Data mining tries to make senses of huge amounts of data. These can be in tabular format, but more and more data are in a messier or text-like format, like status updates (Facebook), tweets (Twitter) or the detailed monitoring data of LMS. Educational data mining takes into account the specificities of educational data, such as their multi-level hierarchy and non-independence. This is similar to how spatial data mining addresses the specifics of spatial information such as spatial autocorrelation. In an interesting talk on YouTube the CEO of Cloudera, Mark Olson, lays out the potential of distributed computing such as Hadoop and MapReduce (Google) to deal with machine produced data. Distributed computing means that data and computing are spread out over many servers.
“Terabytes are not hard to get, they are hard not to get” (Mark Olson, CEO Cloudera)
The objective of EDM is to use data mining methods to better understand student learning. This can be both from an institutional perspective (increasing efficiency, grouping students, predicting student performance etc.)as from a learner perspective (provide better tutoring, a more personalized learning experience). Teachers can see whether a learning community is being formed or can monitor the effect of learning interventions, for example the introduction of e-portfolio-like instruments.
A fair amount of discussion evolved around the difference between learning analytics and educational data mining, without yielding a clear consensus (even Ryan Baker admitted not to have a clear distinction). It seems that learning analytics is not only limited to data mining methods, but also involves more qualitative methods. In this way EDM is a part of learning analytics. Other authors argue that learning analytics includes the feeding back of the information in order to improve learning.

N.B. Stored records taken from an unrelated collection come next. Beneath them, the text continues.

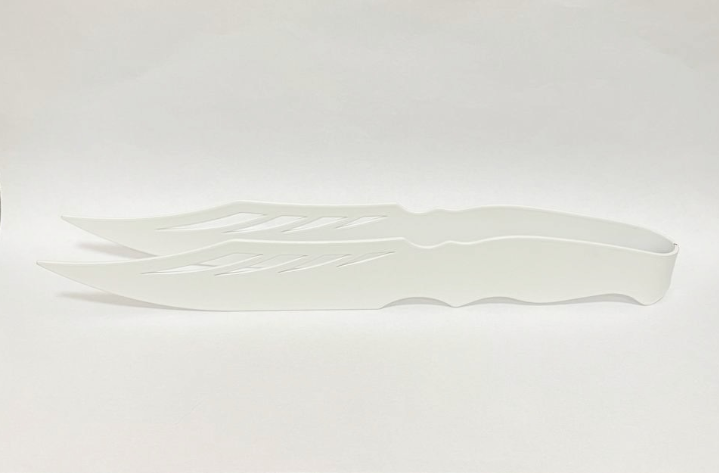 Щипцы Aroma Hookah Белый (LSah1002 )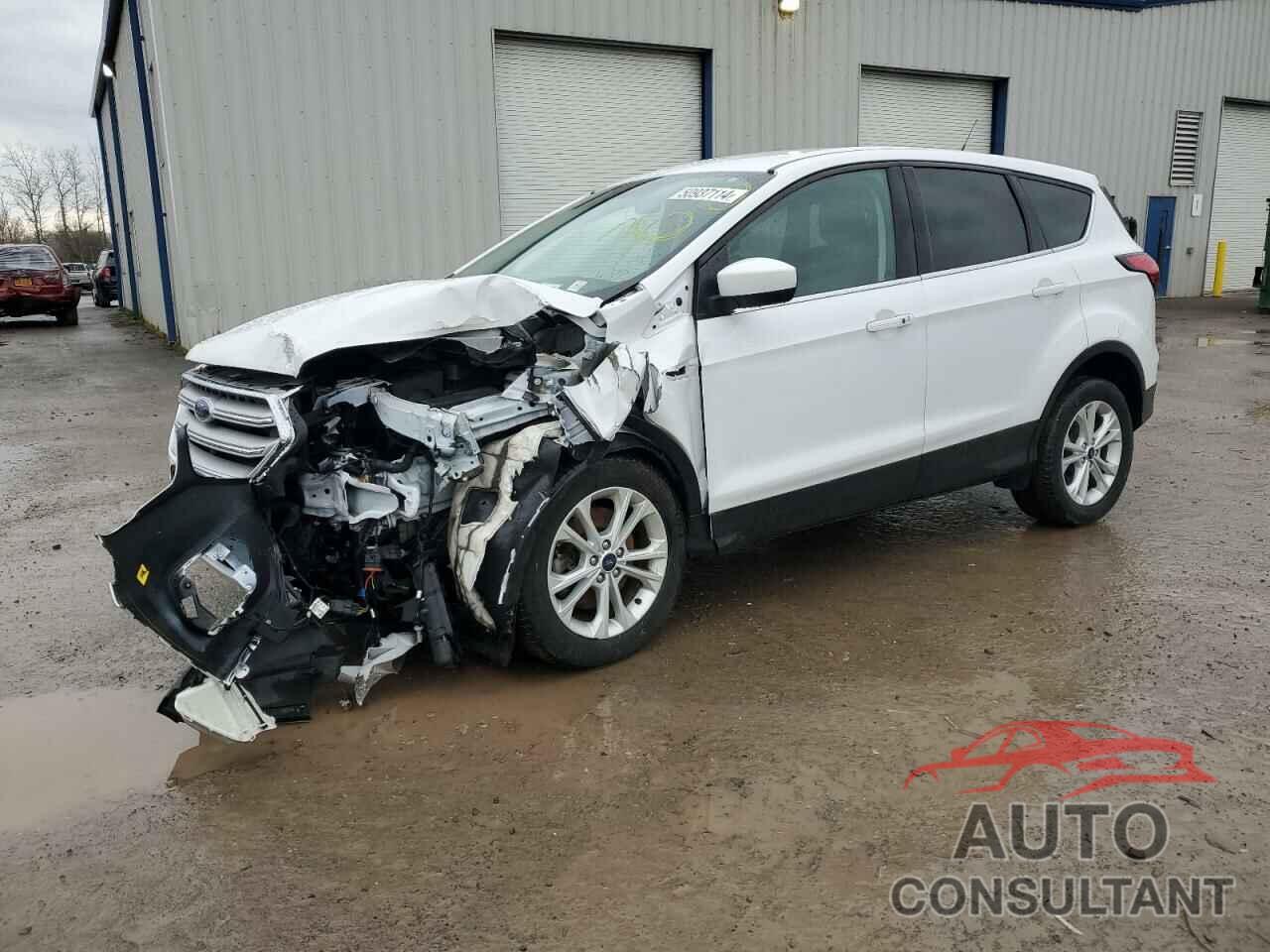 FORD ESCAPE 2019 - 1FMCU9GD8KUC48874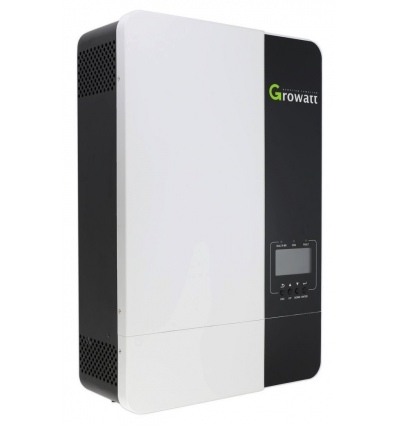 Growatt SPF 3500ES měnič k fotovoltaice 3,5kW 48V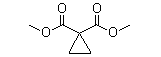 Dimethyl Cyclopropane-1,1-Dicarboxylate(CAS:6914-71-2)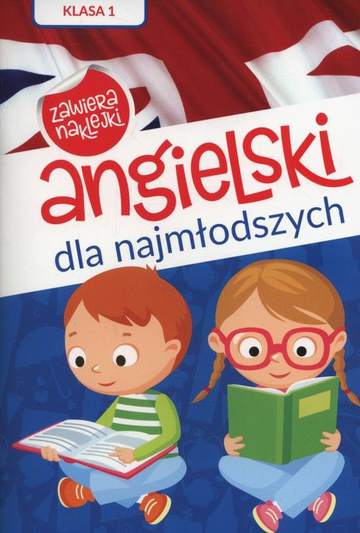Angielski dla najmłodszych klasa 1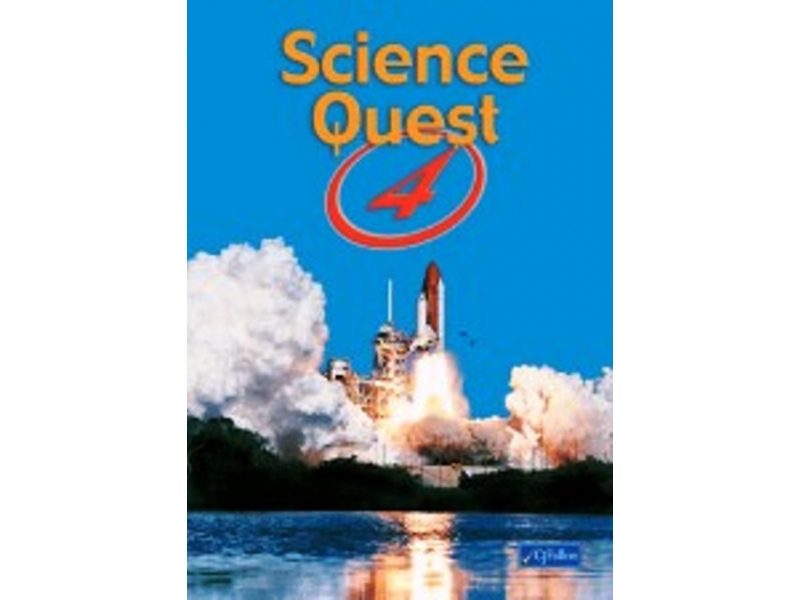 Science Quest 4 - Fourth Class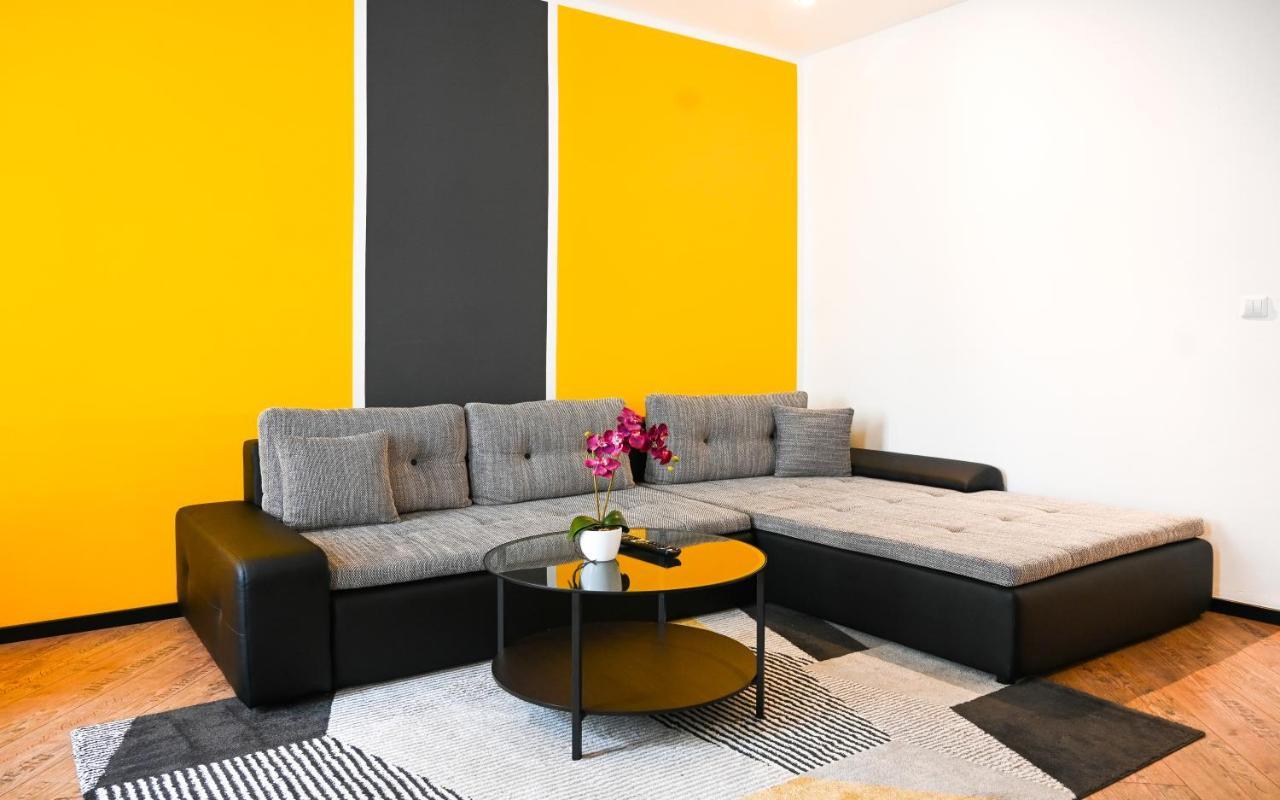 Cozy Domicile Westbahnhof Apartament
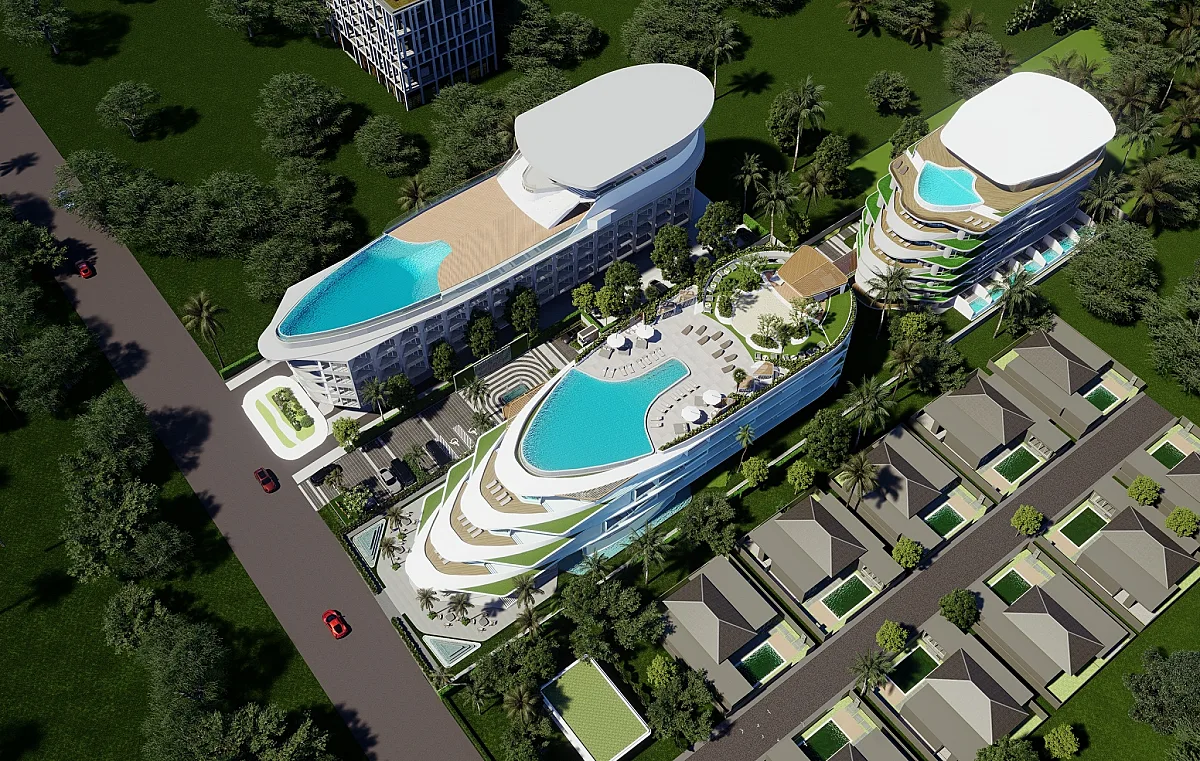 Sole Mio Residences
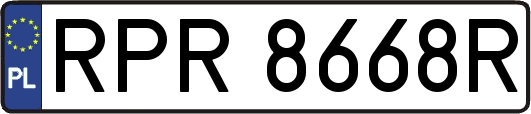 RPR8668R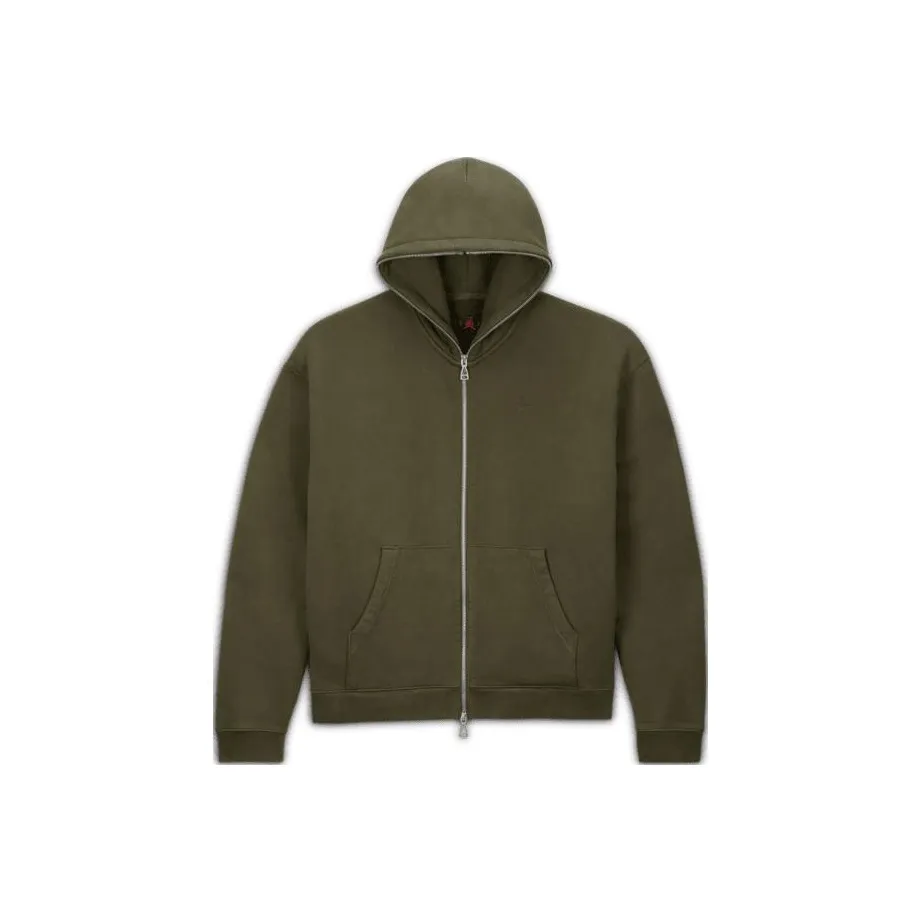 Jordan X Travis Scott Full Zip Hoodie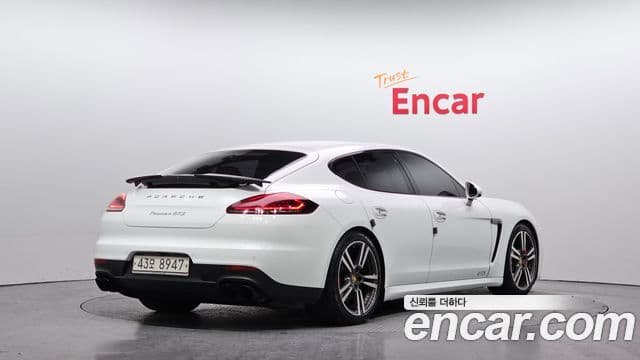 Porsche Panamera 970, 2015 2
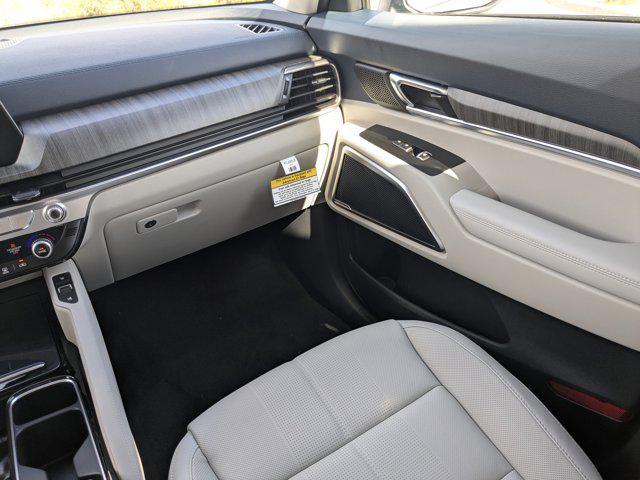 new 2025 Kia Telluride car, priced at $37,965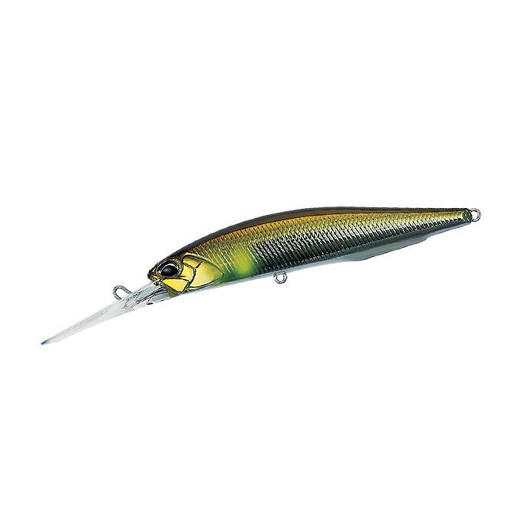 Duo Realis Jerkbait 100DR 10cm 15.6gr DRA3050 Half Mirror Ayu wobbler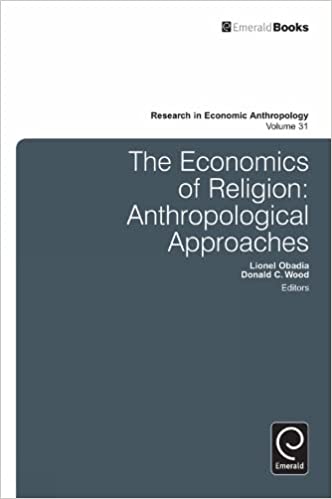 دانلود کتاب فارسی The Economics of Religion: Anthropological Approaches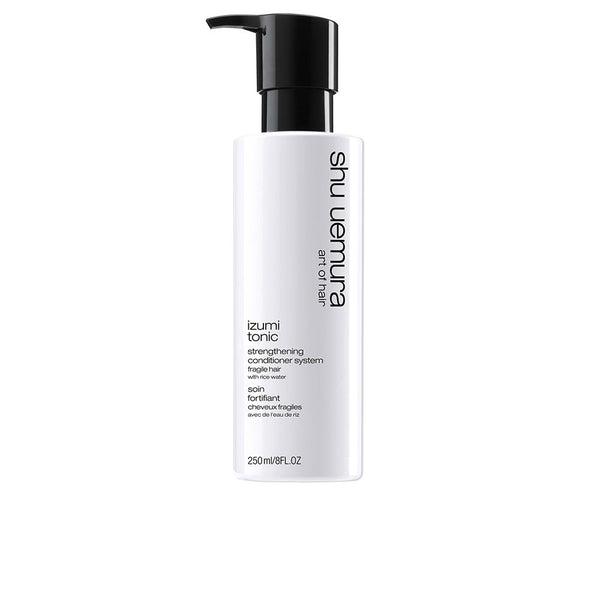 Shu Uemura Izumi Tonic Strengthening Conditioner System 250 Ml | Vuodevaatteet.fi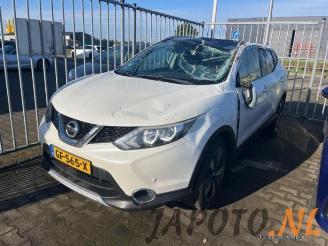 Sloopauto Nissan Qashqai Qashqai (J11), SUV, 2013 / 2021 1.6 DIG-T 163 16V 2015/5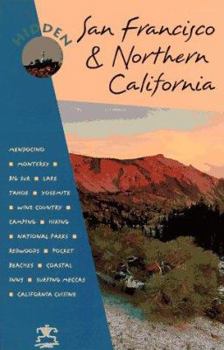 Paperback Hidden San Francisco and Northern California Book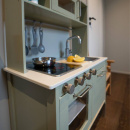 Nuppivedin Crest - Ruostumattoman Teräksen Viimeistely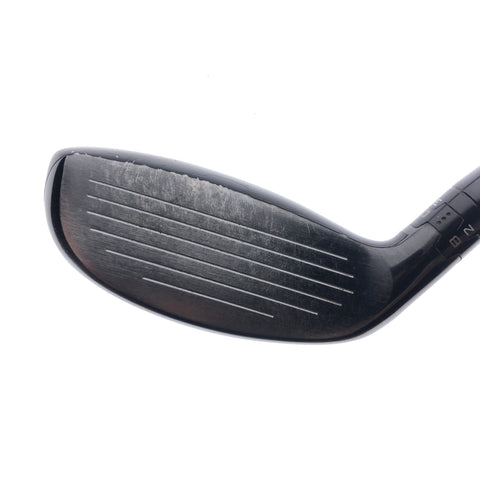 Used Titleist TS2 3 Hybrid / 21.0 Degrees / Regular Flex
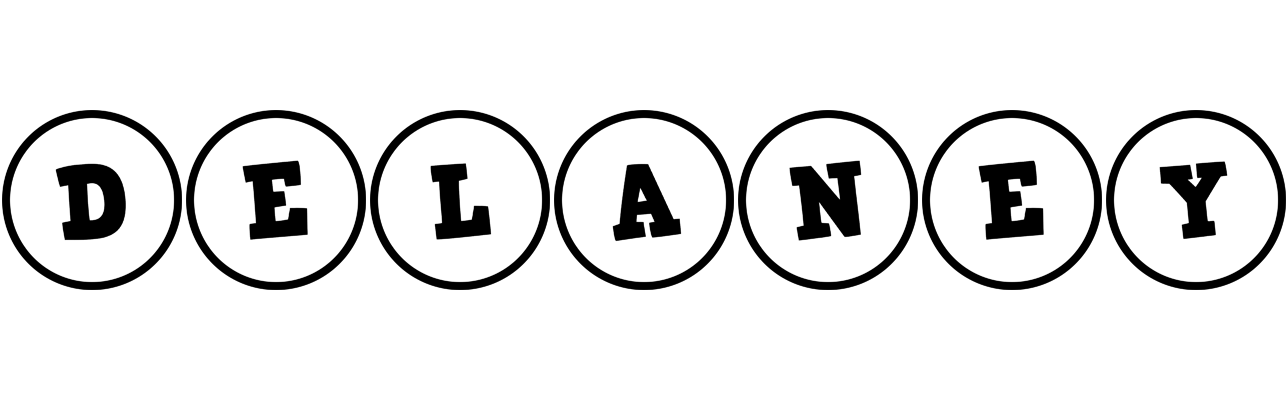 Delaney handy logo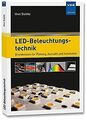 LED-Beleuchtungstechnik: Grundwissen für Planung, A... | Buch | Zustand sehr gut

For example, social network analysis (SNA) visualizes social network activity. In an educational context it can provide information on the degree distribution of the network – a measure of how centralized it is – , on eventual outliers – students that are not connected to others and are at risk for dropping out – and on the existence of subgroups in the network. A software tool to map forum activity on Moodle, Blackboard and the like is SNAPP, a free software programme developed by the University of Wollongong. SNAPP allows visualizing the network of interactions resulting from discussion forum posts and replies. It’s a simple browser plugin and doesn’t require manually loading data. Below a screenshot from a forum discussions and another more integrated network from the homepage. The difference in interaction is very clear.
Data for EDM come from online learning management systems (LMS) such as Moodle or Blackboard. Due to more standardized exams, the increased use of LMS and internet-based software results in more and better interoperable data available. When learning turns more distributed, with learners using a variety of places and platforms, collecting and integrating all data becomes more challenging. A particular point of interest is the purpose of EDM. Ryan Baker classified work in EDM as follows:
- Density estimation
- Relationship mining
- Association rule mining
- Sequential pattern mining
- Causal data mining
- Distillation of data for human judgment
- Discovery with models
Discovery with models is perhaps most typical for EDM. It is described by Baker as:
In discovery with models, a model of a phenomenon is developed through any process that can be validated in some fashion, and this model is then used as a component in another analysis, such as prediction or relationship mining. (…) supporting sophisticated analyses such as which learning material sub-categories of students will most benefit from (Beck & Mostow, 2008), how different types of student behavior impact students’ learning in different ways (Cocea et al., 2009) and how variation sin intelligent tutor design impact students’ behavior over time (Jeong & Biswas, 2008).
An interesting case study presented by Baker was an investigation of the “gaming” and “off-task behavior” (like surfing on Twitter or Facebook) during online learning tasks. Gaming means abusing the system, such as systematic guessing, (clicking quickly on all the answer categories without thinking) or immediately hitting the “help” function. They built an algorithm to predict when students were gaming or engaging in off-task behavior, and tuned the model by observing students. Then they related the frequency of gaming with characteristics of a learning environment for a mathematics course. They included 76 variables in the analysis. Some variables such as the use of non-mathematical words in the question or the use of abstract language proved to influence significantly the degree of off-task behavior and gaming. The next step is to improve the online tasks, based on the results of the analysis and to verify if gaming and off-task behavior drop.
EDM methods don’t provide answers to the why question, but offer clues that can be validated by complementary qualitative analysis. A hypothesis for the above example could be that abstract language or non-mathematical terms confuse the students or make them bored, triggering them to off-task behavior.